Last month, right-wing opinion-haver Tucker Carlson laid into the US Transportation Secretary and first openly gay cabinet member, Pete Buttigieg, for taking paternity leave.
“Paternity leave, they call it; trying to figure out how to breastfeed. No word how that went,” said one of the most prominent conservative voices in America.
Candance Owens, another prominent right-wing critic, also leapt to the attack, saying that Buttigieg’s decision was “sickeningly pathetic” and that “Privileged times have produced the weakest men that have ever lived in America.”

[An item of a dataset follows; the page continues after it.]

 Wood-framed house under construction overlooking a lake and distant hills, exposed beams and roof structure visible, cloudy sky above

You may remember Owens as the woman who recently called for the US military to invade Australia due to its “tyrannical” COVID regulations, comparing our leaders to Adolf Hitler and Joseph Stalin. No word from her on the comparison between COVID death rates, however.
While this type of debate rages in the far off fantasy land of the United States, it belies an understanding of paternity leave that seems to resonate with men in Australia.

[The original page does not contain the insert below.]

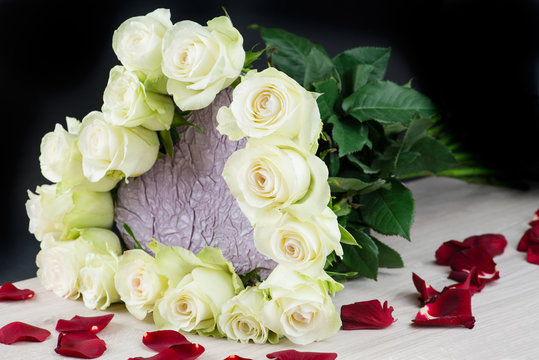 bouquet of white roses in the shape of heart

Research from the University of South Australia has found that workplace culture and masculine norms are keeping fathers from asking for flexible working hours, including paid parental leave.
In investigating barriers and facilitators for men to access and use flexible work arrangements, lead researcher Dr Ashlee Borgkvist found that many fathers felt pressure from their organisations not to use flexibility for family reasons, with this sentiment also echoed across societal norms.
Australia has one of the lowest rates of fathers taking paid parental leave in the world, with fewer than one in every hundred recipients being a man.
Borgkvist has said that the low uptake of formal flexible working arrangements by Australian fathers is primarily due to a perceived, and quite often objective, lack of support from workplace managers and colleagues alike.
“Workplace flexibility is typically accepted as an option for mothers, but when it comes to dads, flexibility is unlikely to be as readily accepted – and in some cases not even considered,” Borgkvist said.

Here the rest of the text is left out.